The prenuptial contract will also include reference to which state law will govern the court’s interpretation of the contract.
Colorado Follows the UPAA
In addition to the format, readers should be aware of the formal requirements which govern the enforceability of prenuptial contracts in Colorado. In many ways, prenuptial contracts follow the core principles of the common law of contracts, although Colorado has adopted specific rules on prenuptial contracts from the Uniform Prenuptial Agreement Act (UPAA). The UPAA brings consistency to the rules on prenuptial contracts across the country, similar to the UCC for commercial contracts. Under the UPAA, prenuptial agreements need to meet the following requirements to be enforceable: (1) there must be lack of duress – the acceptance must be completely voluntary, (2) both spouses must have access to legal representation prior to signing, and (3) there must be proper financial disclosures prior to signing.
These are firm requirements, and so Colorado courts will not enforce a prenuptial agreement which doesn’t fully satisfy these requirements.
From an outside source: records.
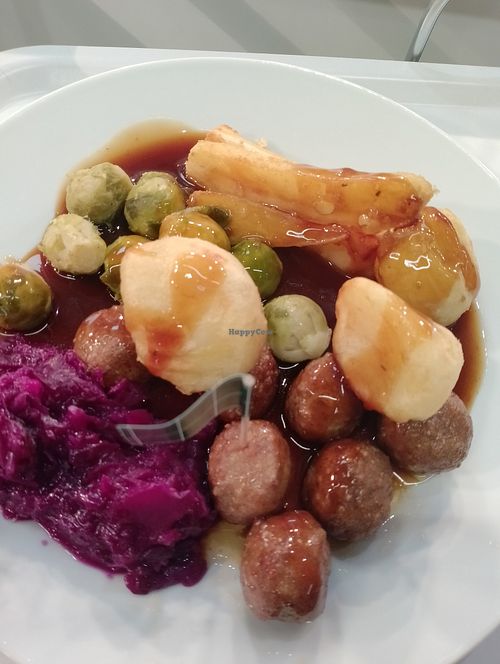 Festive vegan meatball roast at IKEA in Bristol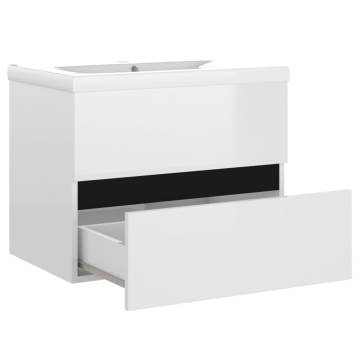 Stylish Sink Cabinet & Basin in High Gloss White | HipoMarket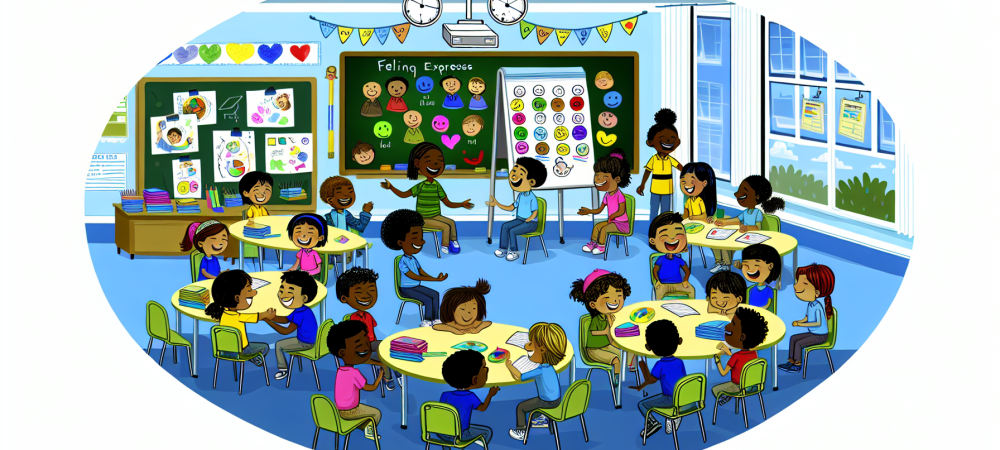 Crianças com transtorno desafiador opositivo colaboram em sala de aula vibrante e inclusiva.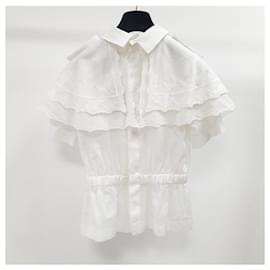 Chanel-Chanel White Cotton Scalloped Overlay Detail Top-White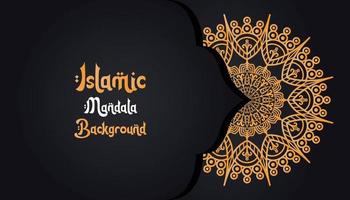 mandala, islamic background, luxury design.  A black background with a gold pattern that says islamic mandala background ' vector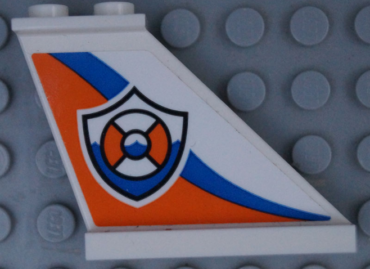 2340pb068R - Tail 4 x 1 x 3 with Coast Guard Logo on Orange and Blue Curved Stripes Pattern Model Right Side (Sticker) - Set 60164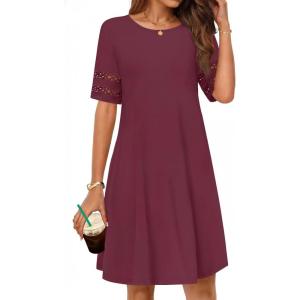 MEROKEETY Women’s 2026 Summer Spring Casual T Shirt Dress Hollow Out Short Sleeve Beach Vacation Shift Swing Sundress(Wine)
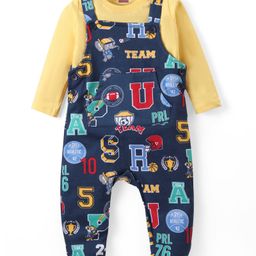 Babyhug Cotton Knit Full Sleeves T-Shirt & Dungaree Set with Elephant Print - Orange & Blue-image-54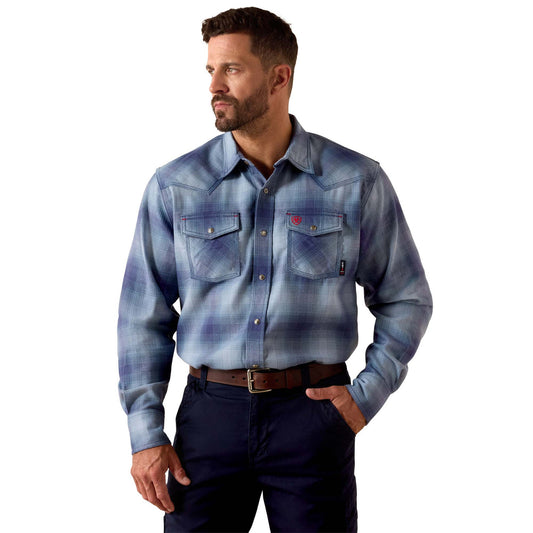 Ariat FR Ryan Retro Snap LS Work Shirt Dusty Blue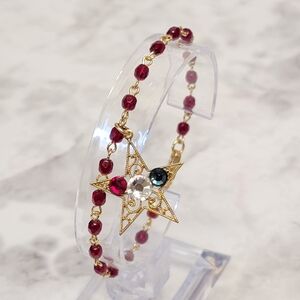 Patriotic Rhinestone Bracelet Red Blue Gold Tone Star Open Work‎ 4th of July USA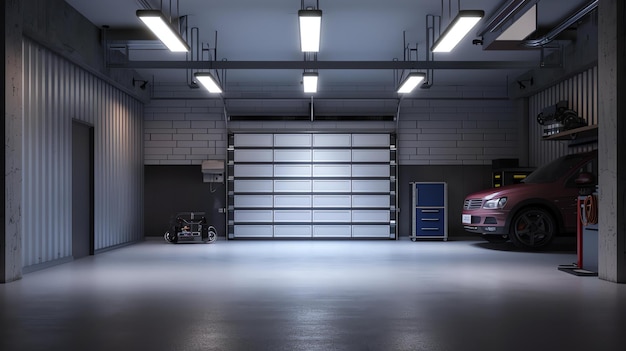 Foto eine moderne garage mit einer weißen sektionstür. es ist ein rotes auto drin geparkt, zusammen mit einem schwarzen motorrad.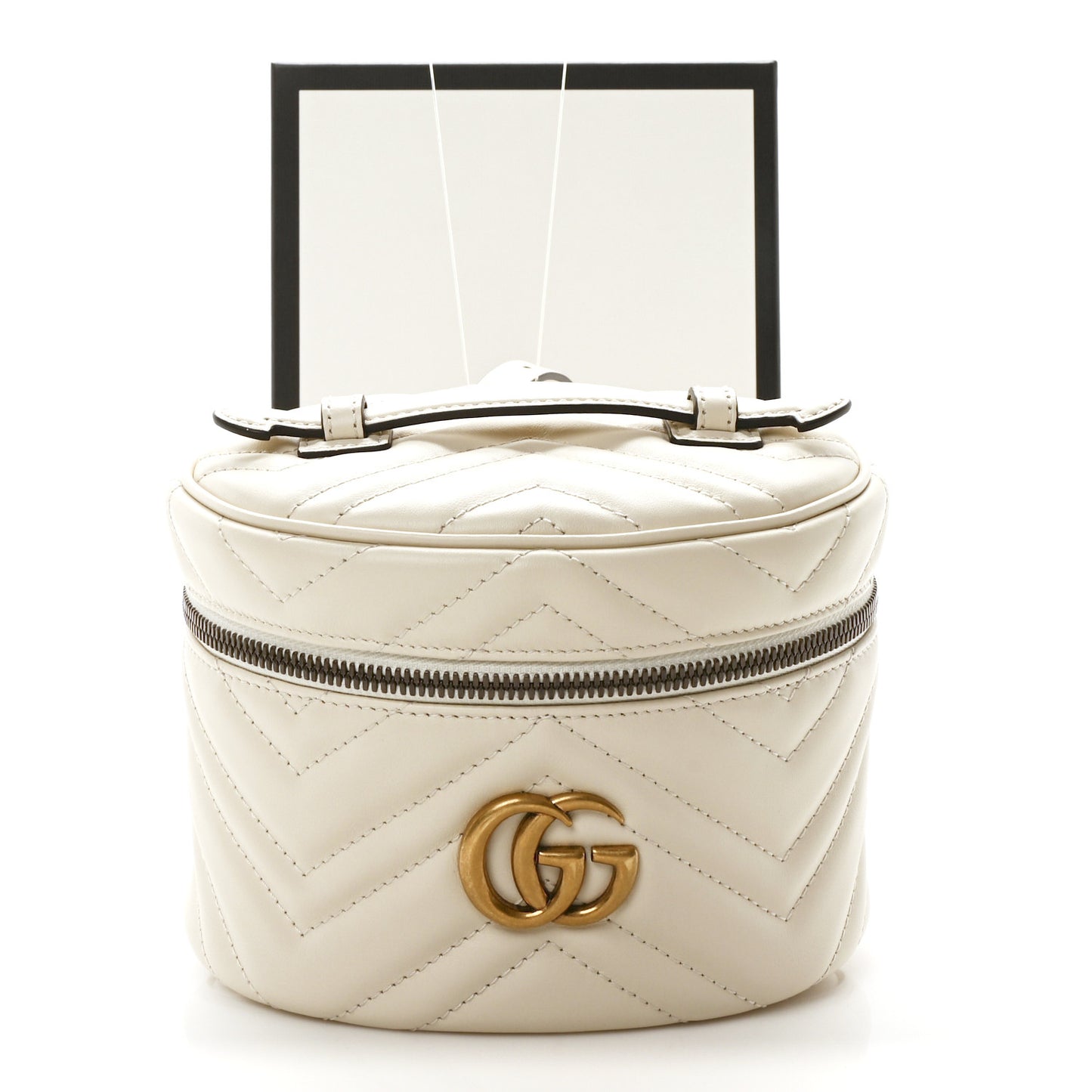 Calfskin Matelasse Mini GG Marmont Round Backpack White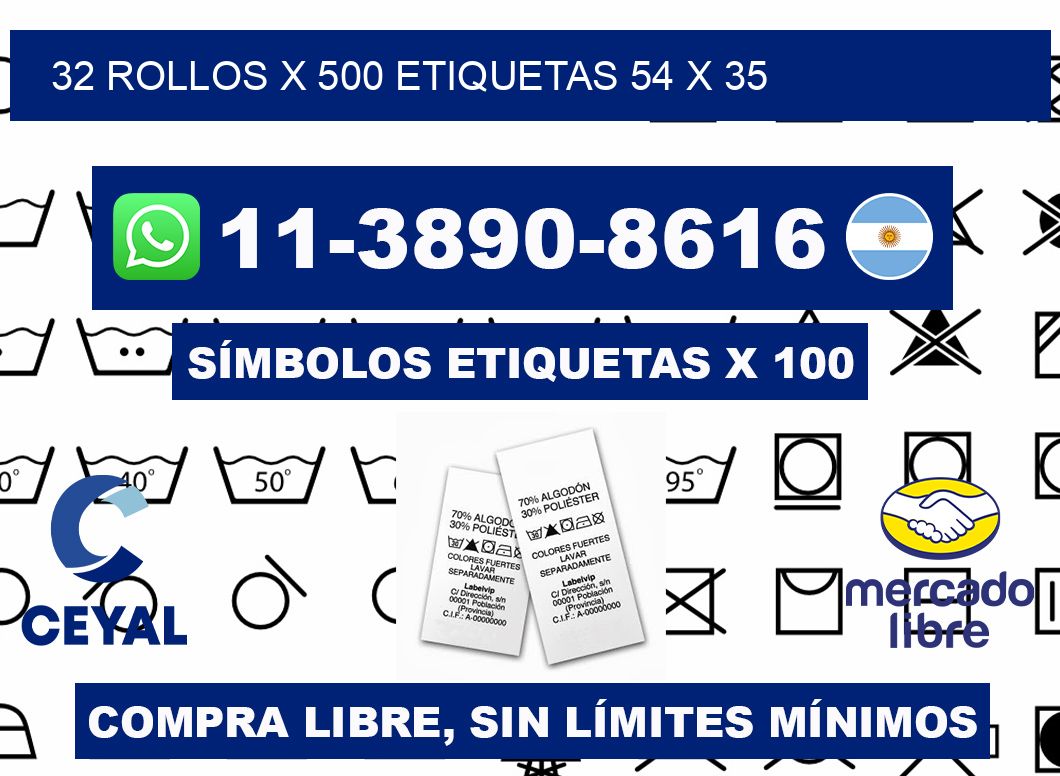 32 rollos x 500 etiquetas 54 x 35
Guidance on Duress, Disclosures & Representation
When it comes to the enforceability of prenuptial contracts, the parties need to understand clearly how the requirements are construed. In this context, for instance, the term “duress” essentially refers to any sort of pressure or compulsion which materially influences a given person’s decision. A complete understanding of this concept requires reference to case law, which is also the case with the other requirements. If a spouse contends that he or she lacked reasonable access to legal representation, Colorado courts will view the situation in its entirety and then make an individualized determination.
In addition to the three requirements referenced, there is also the requirement of “unconscionability.” This concept also originates in the common law, and refers to the “bargaining power” of the parties relative to each other. This is also an important piece of information which needs to be firmly understood.
The last important topic to note is that a couple cannot have anything in the prenuptial contract that defines what child support will be in the event of divorce. This means while a couple can contract around spousal maintenance, child support will have to be left out.